Well, while critics overreact a lot, it's been really disappointing seeing a bunch of live action movies insert pointless crap. Transformers and Spiderman or Ironman, I can understand because you can't really do those movies without CG. But when you have Bruce Willis in Die Hard (the last one) where nothing is supernatural, why throw in a CG car rolling down the street or a helicopter spinning out of control if you can have a real one?
Cheap little things like that, with fake shrapnel flying out of an explosion and zooming towards the screen. It gets tiring. I think the reason so many early action movies were awesome was because people admired the fact that directors/stunt people/whatever staff took the time to choreograph real shit happening, as opposed to throwing in a random flipping car that in no way matches the lighting or size perspective of the rest of the scene. It's been in movies such as Air Force One, Live Free or Die Hard, this Indiana Jones.
Hell even in Ironman they constructed a real suit for Downey Jr to wear during up close scenes, and that little mask/neck thing that flips up in the movie actually functions and isn't a tired CGI pizazz thing.

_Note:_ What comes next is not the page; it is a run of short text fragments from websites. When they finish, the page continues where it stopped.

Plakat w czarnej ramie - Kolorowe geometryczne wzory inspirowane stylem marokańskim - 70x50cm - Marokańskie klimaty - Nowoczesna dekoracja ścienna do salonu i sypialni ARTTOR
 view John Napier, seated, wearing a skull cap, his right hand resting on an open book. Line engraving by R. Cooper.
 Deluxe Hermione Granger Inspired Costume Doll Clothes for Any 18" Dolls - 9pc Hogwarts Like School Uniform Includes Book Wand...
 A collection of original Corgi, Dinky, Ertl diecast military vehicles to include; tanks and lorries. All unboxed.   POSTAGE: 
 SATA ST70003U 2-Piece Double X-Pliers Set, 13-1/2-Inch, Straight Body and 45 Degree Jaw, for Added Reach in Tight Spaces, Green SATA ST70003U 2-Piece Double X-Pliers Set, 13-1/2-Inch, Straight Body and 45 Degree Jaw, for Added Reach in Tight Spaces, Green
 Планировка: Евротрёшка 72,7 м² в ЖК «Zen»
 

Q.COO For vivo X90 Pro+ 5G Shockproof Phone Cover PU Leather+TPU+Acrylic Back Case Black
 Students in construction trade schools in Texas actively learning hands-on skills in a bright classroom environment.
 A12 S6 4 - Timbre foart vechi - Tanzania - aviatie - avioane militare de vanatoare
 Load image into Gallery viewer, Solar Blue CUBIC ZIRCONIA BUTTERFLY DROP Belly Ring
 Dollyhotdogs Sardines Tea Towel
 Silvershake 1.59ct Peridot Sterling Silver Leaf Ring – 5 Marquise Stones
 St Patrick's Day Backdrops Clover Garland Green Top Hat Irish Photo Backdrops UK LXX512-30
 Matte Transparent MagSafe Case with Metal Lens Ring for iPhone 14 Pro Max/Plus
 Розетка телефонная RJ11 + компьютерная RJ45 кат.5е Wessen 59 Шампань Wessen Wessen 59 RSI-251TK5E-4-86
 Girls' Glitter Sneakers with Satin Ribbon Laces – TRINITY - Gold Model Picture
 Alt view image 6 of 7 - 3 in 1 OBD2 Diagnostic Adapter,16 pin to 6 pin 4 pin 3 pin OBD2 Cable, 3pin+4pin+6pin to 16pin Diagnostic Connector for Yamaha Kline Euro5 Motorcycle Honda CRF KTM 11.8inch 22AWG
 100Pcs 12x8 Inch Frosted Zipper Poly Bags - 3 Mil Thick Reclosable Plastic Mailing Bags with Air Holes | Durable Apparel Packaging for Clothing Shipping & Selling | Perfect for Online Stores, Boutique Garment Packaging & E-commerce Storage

But I do hate when people argue over the decisions a character makes, or nitpicks all the details of a scene. "Uhm, there's no way a piece of metal can fall out of a sky and then hover in mid air before its thrusters kick in." Yeah who cares, it's freakin Starscream and it's a freakin sci fi movie. The only movies that I think do deserve some kind of nitpicking are those claiming to tell the true story of some political event, or a film claiming to be historically accurate. But people sure missed it with 300.